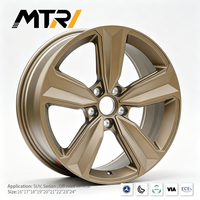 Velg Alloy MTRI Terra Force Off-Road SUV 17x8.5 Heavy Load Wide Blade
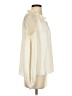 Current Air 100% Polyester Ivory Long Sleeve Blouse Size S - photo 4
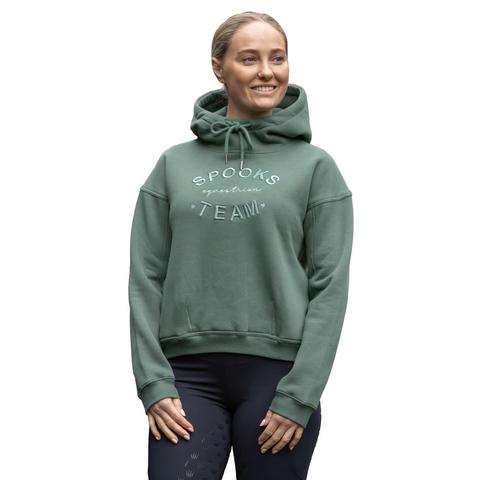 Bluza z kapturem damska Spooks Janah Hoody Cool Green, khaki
---
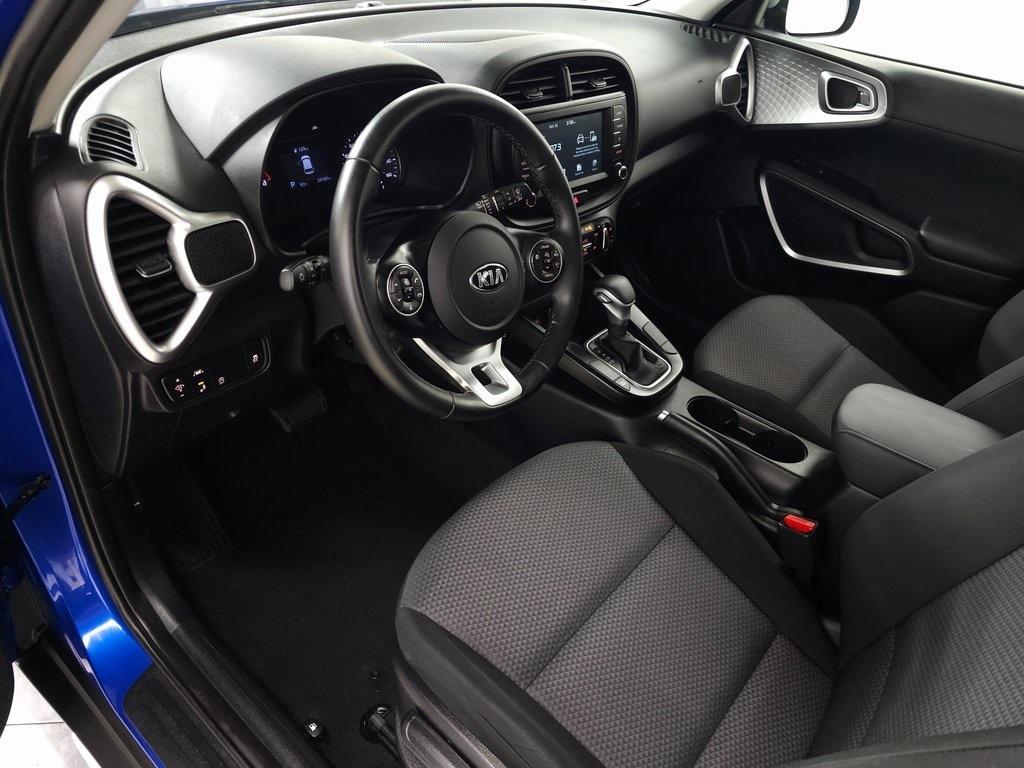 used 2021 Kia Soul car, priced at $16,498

Activity: Leaving pictures out, output the lines of the data above from the one with "Velg Alloy MTRI" through the one with "Bluza z kapturem", word for word.

Task result:
 Velg Alloy MTRI Terra Force Off-Road SUV 17x8.5 Heavy Load Wide Blade
 Current Air 100% Polyester Ivory Long Sleeve Blouse Size S - photo 4
 Bluza z kapturem damska Spooks Janah Hoody Cool Green, khaki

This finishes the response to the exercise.